Bijlage 1. behorende bij artikel 2 van de Regeling certificaten groen beroepsonderwijs
[Vervalt op 01-08-2022. Zie het overzicht van wijzigingen]
Toelichting bij bijlage 1
Certificeerbare Eenheid
De te hanteren benaming voor een certificeerbare eenheid is de benaming zoals vermeld
in artikel 1 van de Regeling certificaten groen beroepsonderwijs.
Kwalificatie
De te hanteren benaming voor een kwalificatie is de benaming zoals vermeld in het
Centraal register beroepsonderwijs. Als Crebocode dient te worden vermeld de in Crebo
opgenomen code van de betreffende kwalificatie.
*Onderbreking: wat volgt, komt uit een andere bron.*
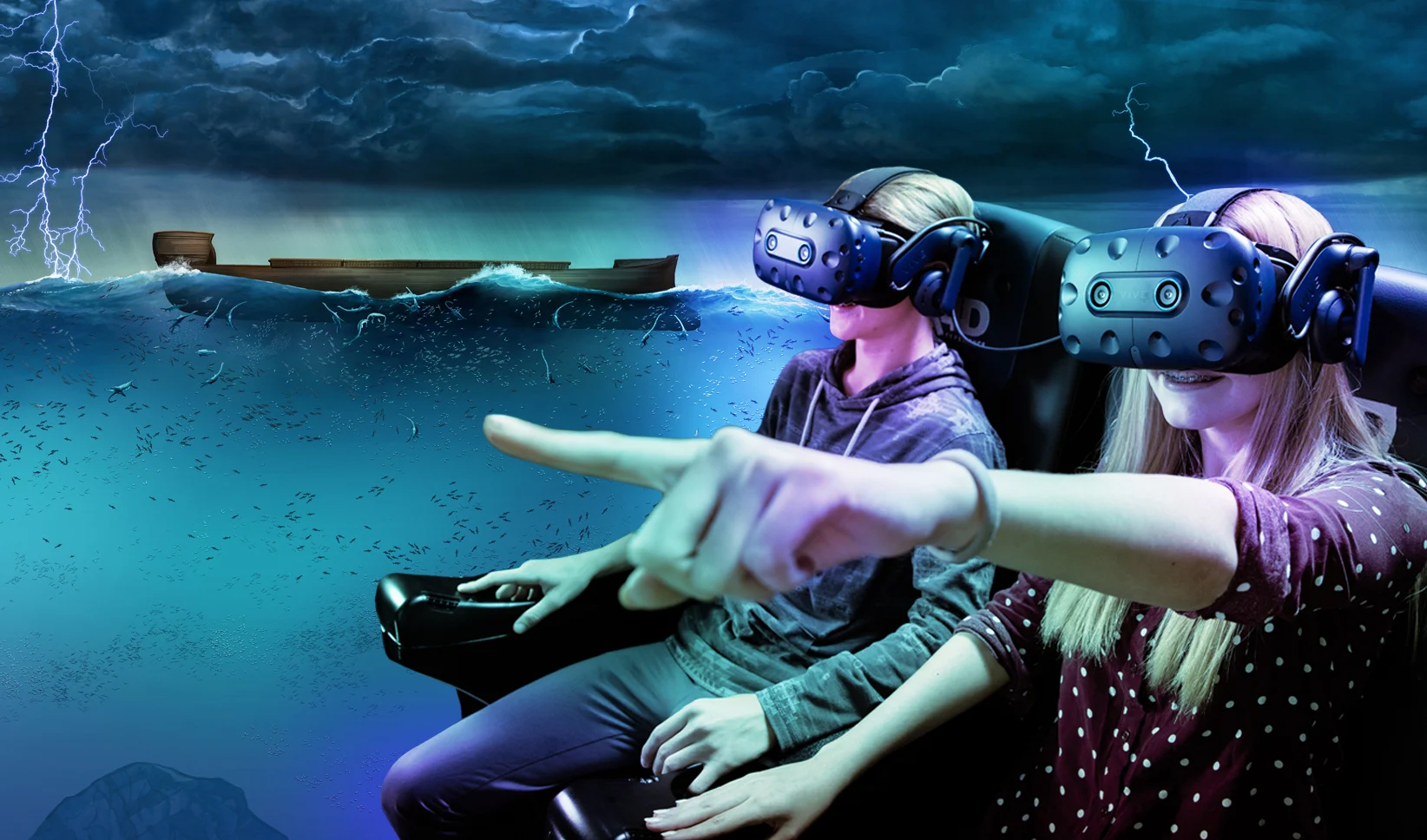 Truth Traveler A Virtual Reality Experience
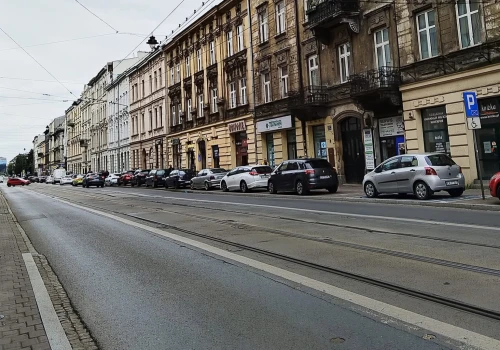 Remont ul. Starowiślnej rusza pod koniec sierpnia. Zostają dwa kierunki, zmieni się torowisko i chodniki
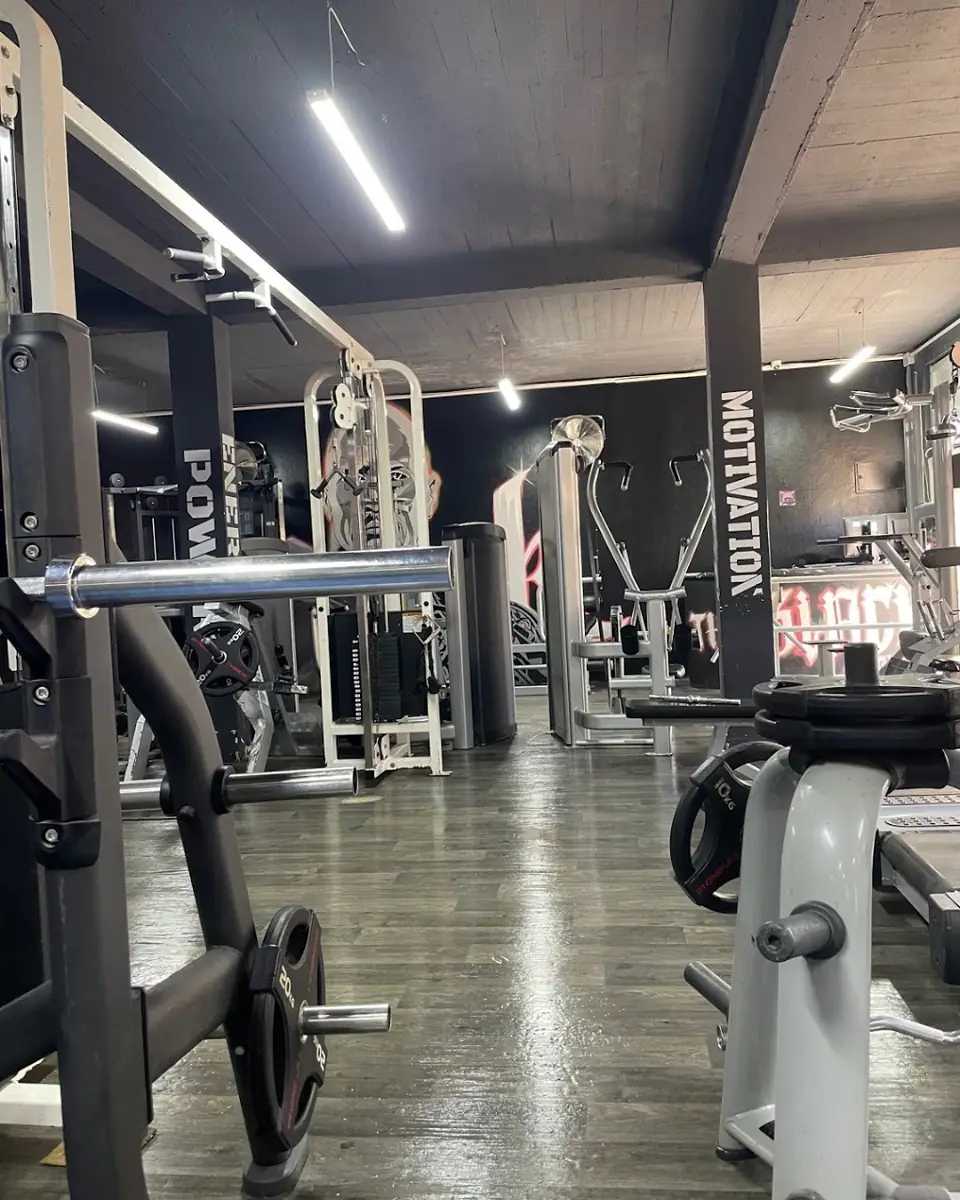 The Black Gym · Fitness & Musculation · Kénitra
Voor iedere certificeerbare eenheid van een kwalificatie die een examenkandidaat behaalt,
wordt een apart certificaat uitgegeven, tenzij de certificeerbare eenheid onderdeel
is van een afgeronde opleiding. In dat laatste geval worden de behaalde certificeerbare
eenheden op het diploma en/of resultatenlijst vermeld conform de Regeling modeldiploma mbo.
Kwalificatiedossier
De te hanteren benaming voor een kwalificatiedossier is de benaming zoals vermeld
in het Crebo. Als Crebocode dient te worden vermeld de in Crebo opgenomen code van
het betreffende kwalificatiedossier.
Niveau
Het niveau dat moet worden ingevuld, is het niveau van de kwalificatie, bijvoorbeeld
mbo-3.
Naam examenkandidaat
Op het certificaat wordt achter de zinsnede ‘De ondergetekenden verklaren dat’ de
officiële voornaam en de officiële achternaam van de examenkandidaat opgenomen, zoals
deze staan vermeld in de gemeentelijke basisadministratie. De officiële namen worden
volledig uitgeschreven.
Geboortedatum en -plaats
Achter ‘geboren’ wordt de geboortedatum vermeld en achter ‘te’ de geboorteplaats,
zoals deze staan vermeld in de gemeentelijke basisadministratie. Indien de geboorteplaats
buiten Nederland ligt, wordt achter de geboorteplaats het geboorteland vermeld. Indien
de geboorteplaats niet bekend is, wordt alleen het geboorteland vermeld.
Naamsvermelding instelling
Achter het woord ‘aan’ wordt steeds de naam van de instelling vermeld. De naam van
de instelling is de naam zoals geregistreerd in de Basisregistratie Instellingen (BRIN).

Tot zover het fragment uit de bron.